In Österreich darf also kein Arbeitgeber weniger zahlen, als im jeweiligen Kollektivvertrag vorgesehen ist. Zum Vergleich: In Deutschland gibt es einen gesetzlichen Mindestlohn, der bundesweit gilt. Er garantiert allen Beschäftigten einen festen Stundenlohn. Dieser beträgt aktuell rund 13 Euro brutto, unabhängig von Branche oder Erfahrung. Bis 2027 soll der Mindestlohn auf 14,60 Euro brutto steigen. Kollektivverträge dürfen nur höhere Löhne vereinbaren. In vielen anderen europäischen Ländern setzt man ebenfalls auf gesetzliche Mindestlöhne.

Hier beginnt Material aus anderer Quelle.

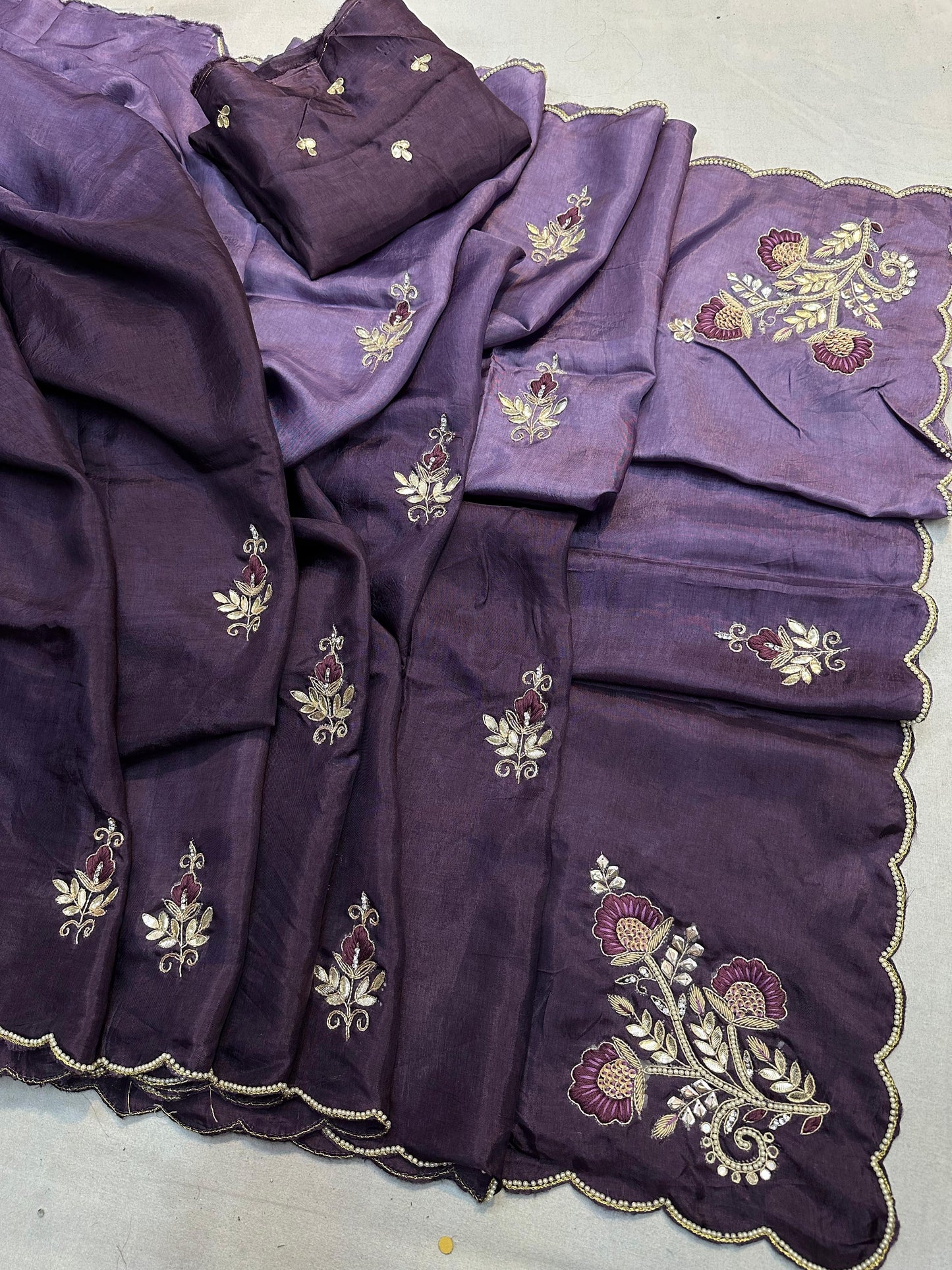 Kayatri New Premium Pure Upada Silk Saree Highlighted with Fine Hand Work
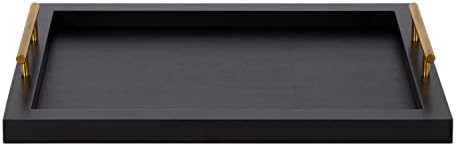 Kate and Laurel Halsey Rectangle Decorative Wooden Tray with Polished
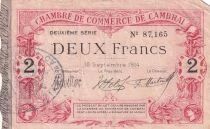 France 2 Francs - Chambre de Commerce - Cambrai  - 15-09-1914 - 2&egrave;me S&eacute;rie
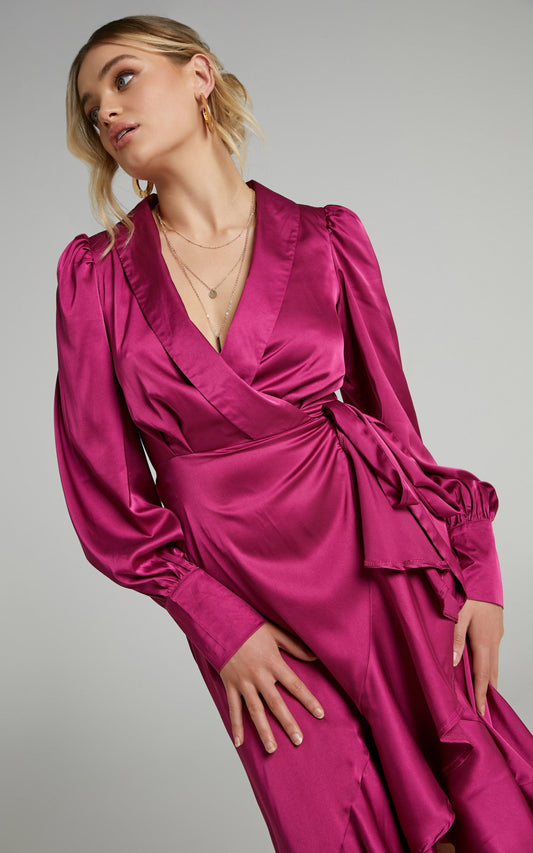 Rada Midi Dress - Long Sleeve Frill Wrap Dress in Berry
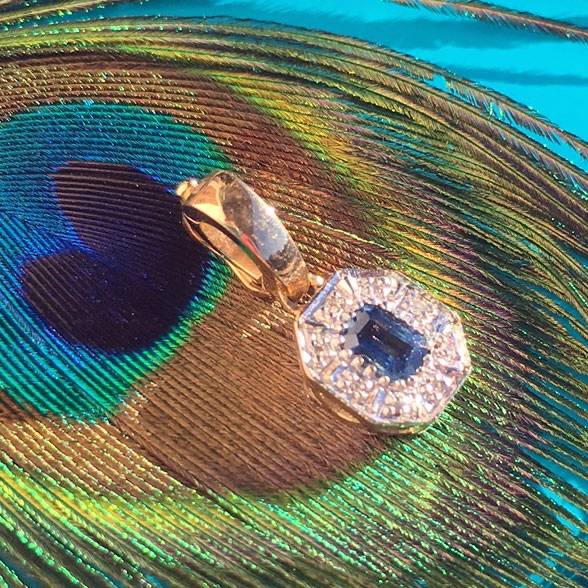 Saphir-Diamant-Anhänger/Clip, 375er Gelbgold/rhodiniert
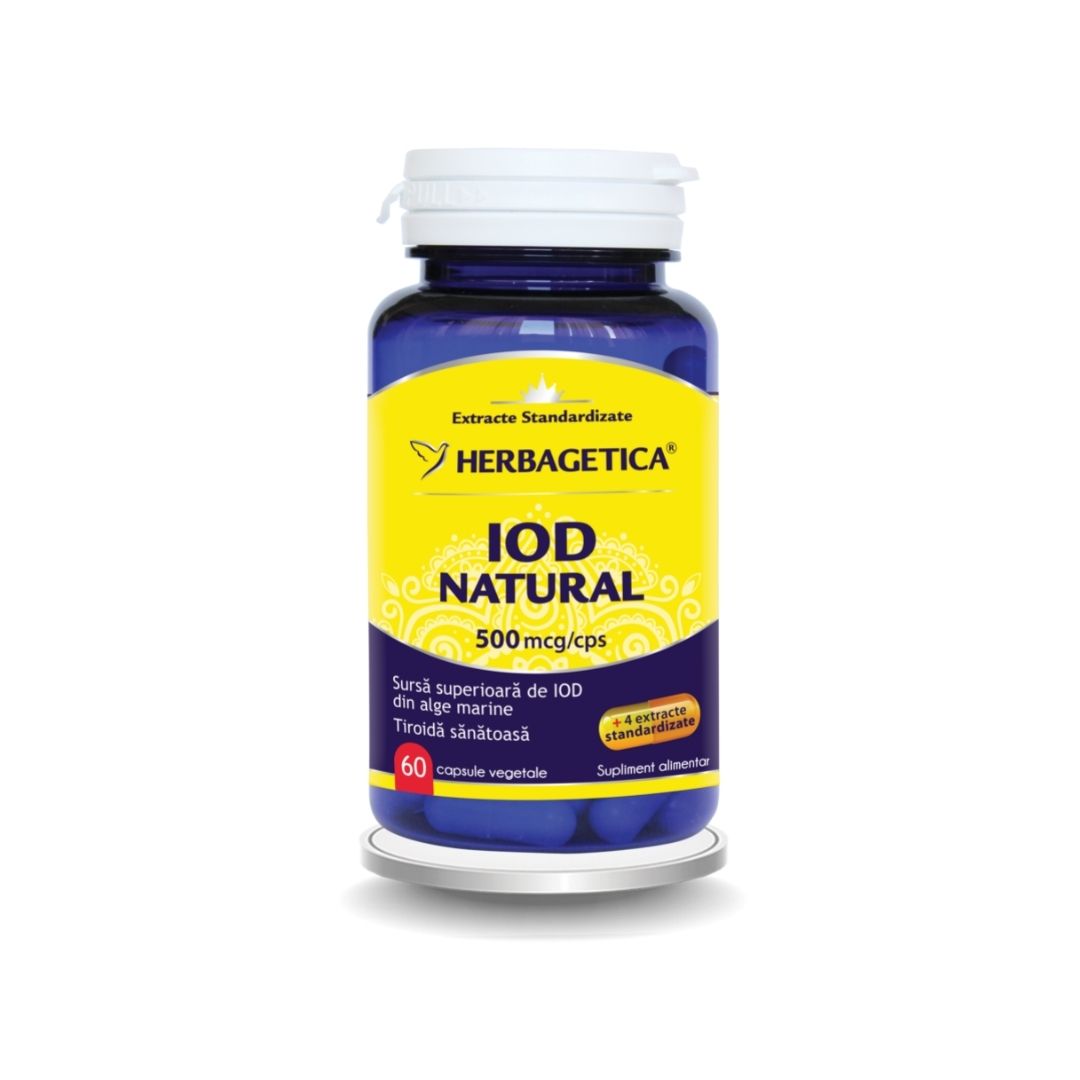 Iod natural, 500mcg, 60capsule, Herbagetica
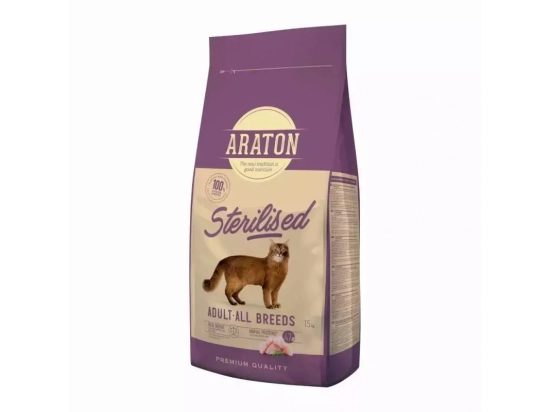 Фото - сухой корм Araton (Аратон) ADULT ALL BREEDS STERILISED сухой корм для стерилизованных и склонных к полноте кошек КУРИЦА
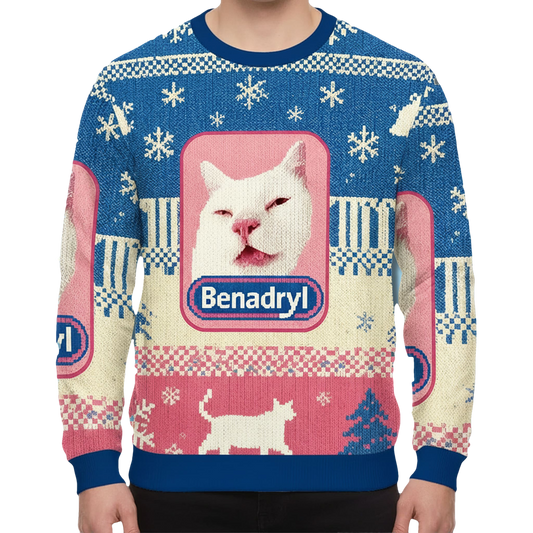 Benadryl Cat Meme Christmas Sweater 2025 - Moonbestprint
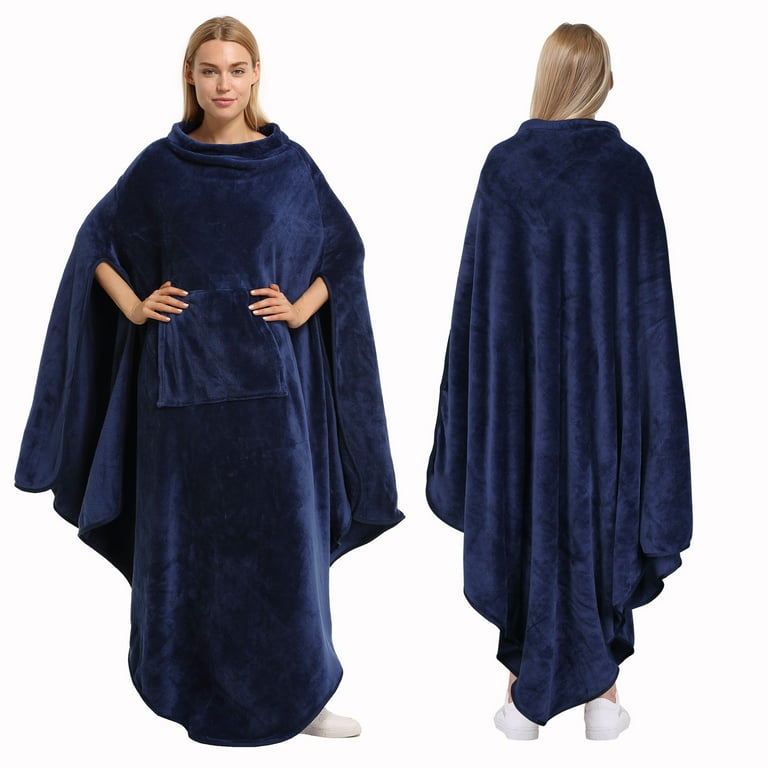 Catalonia Wearable Fleece Blanket Poncho for Adults Plush Wrap Throw Body Warm Cozy with Pocket Navy Walmart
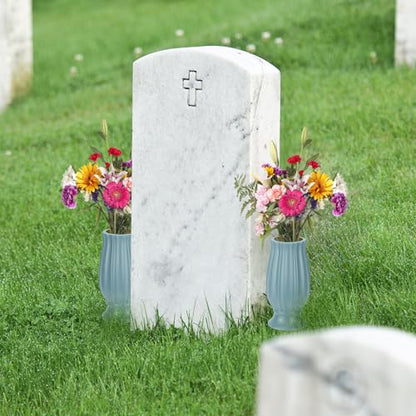 QWORK 2 Pack Cemetery Vase for Grave Decorations, Memorial Flowers Holder for Memorial Day & Special Occasions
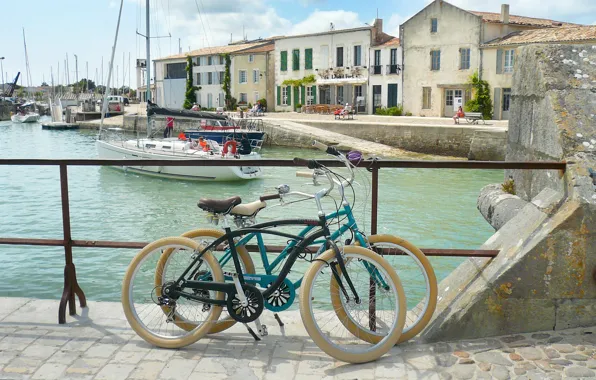 Картинка лето, город, Франция, пристань, яхты, набережная, велосипеды, Saint-Martin-de-Re, Сен-Мартен-де-Ре, Beach Cruiser
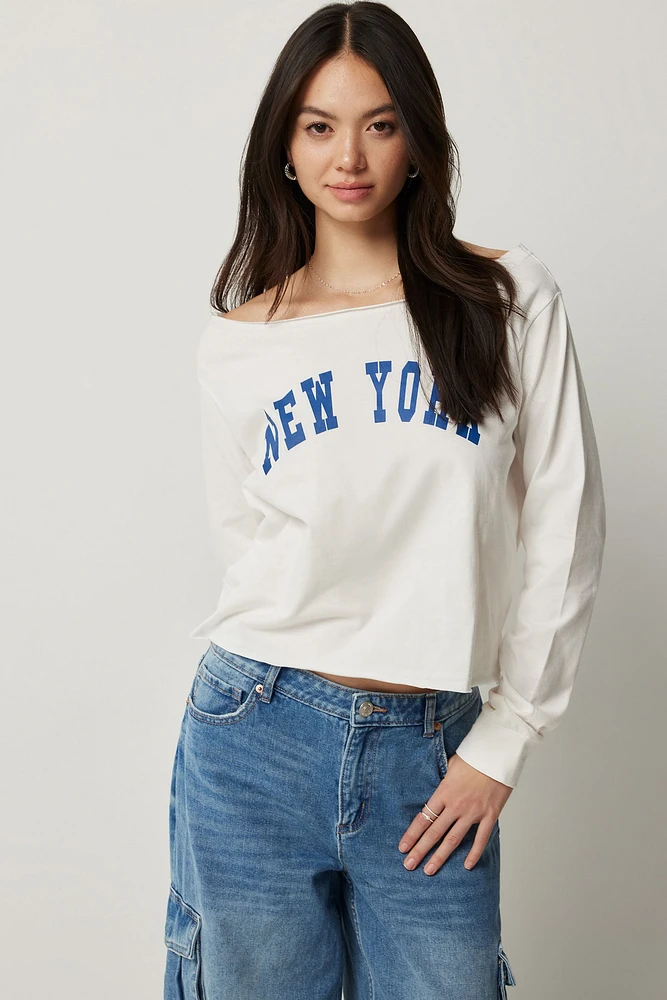 Ardene New York Off Shoulder T-Shirt in White | Size | Polyester/Cotton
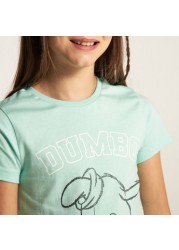 Dumbo Print T-shirt with Crew Neck and Short Sleeves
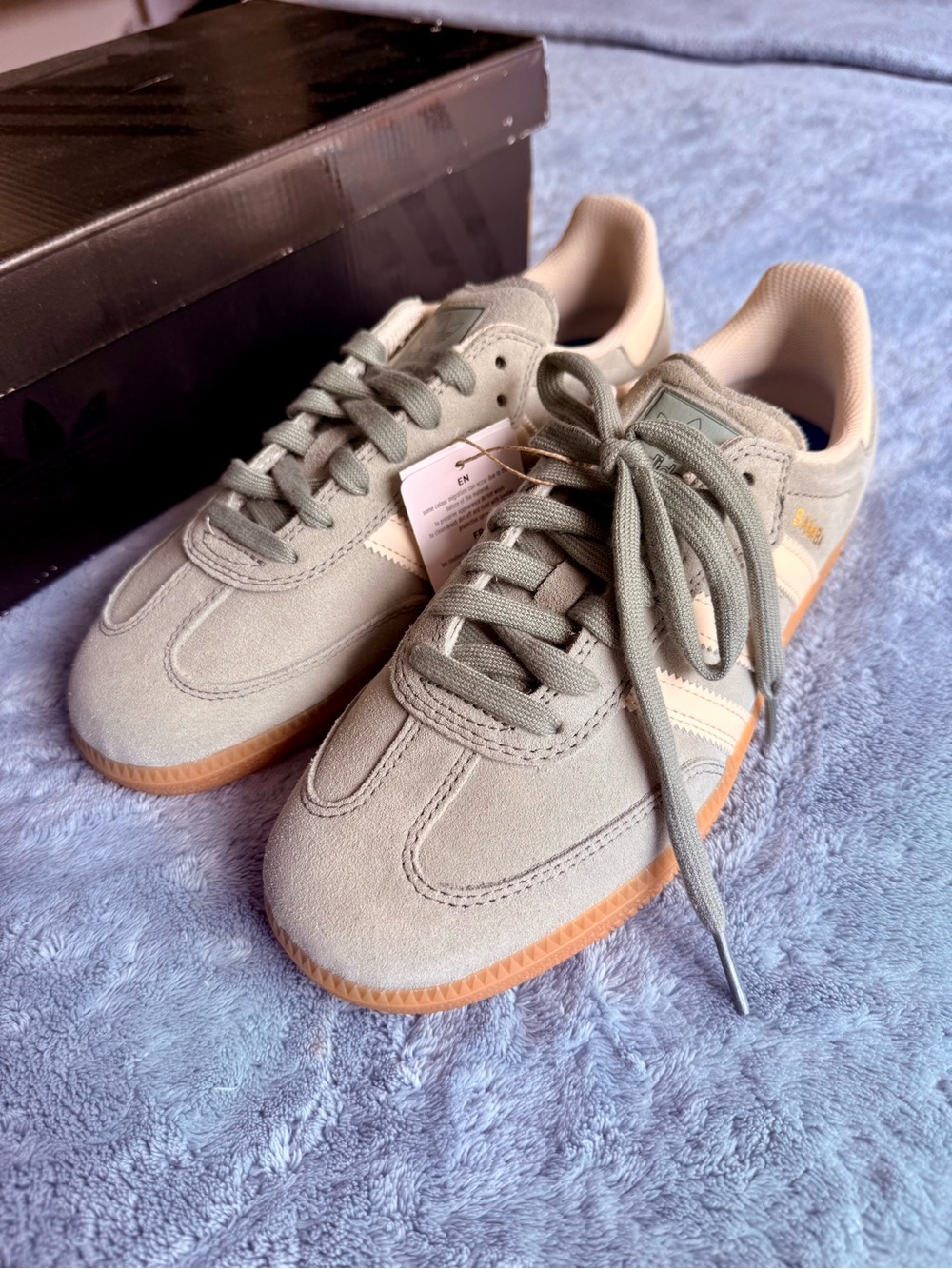adidas Samba Casual Suede Sneakers in Sage Green and Cream with Blue Insole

Der Vorteil des österreichischen Systems: Die Löhne sind branchengerecht angepasst. Der Nachteil: Es gibt keine einheitliche Untergrenze für alle, wodurch die Einkommensspanne je nach Branche stark variieren kann.
Mindestlohn-Regelung im Burgenland: Mindestens 2.300 Euro netto für Landesbedienstete
Während Österreich sonst auf Kollektivverträge setzt, geht das Burgenland einen eigenen Weg: Seit 2020 gibt es im eigenen Wirkungsbereich des Landes einen Mindestlohn, der Arbeitnehmende vor Lohndumping schützt. Startpunkt war der Landesdienst und die burgenländischen Spitäler, wo ein Mindestverdienst von rund 1.700 Euro netto garantiert wurde. Die Finanzierung des Mindestlohns im Burgenland erfolgt durch das Landesbudget.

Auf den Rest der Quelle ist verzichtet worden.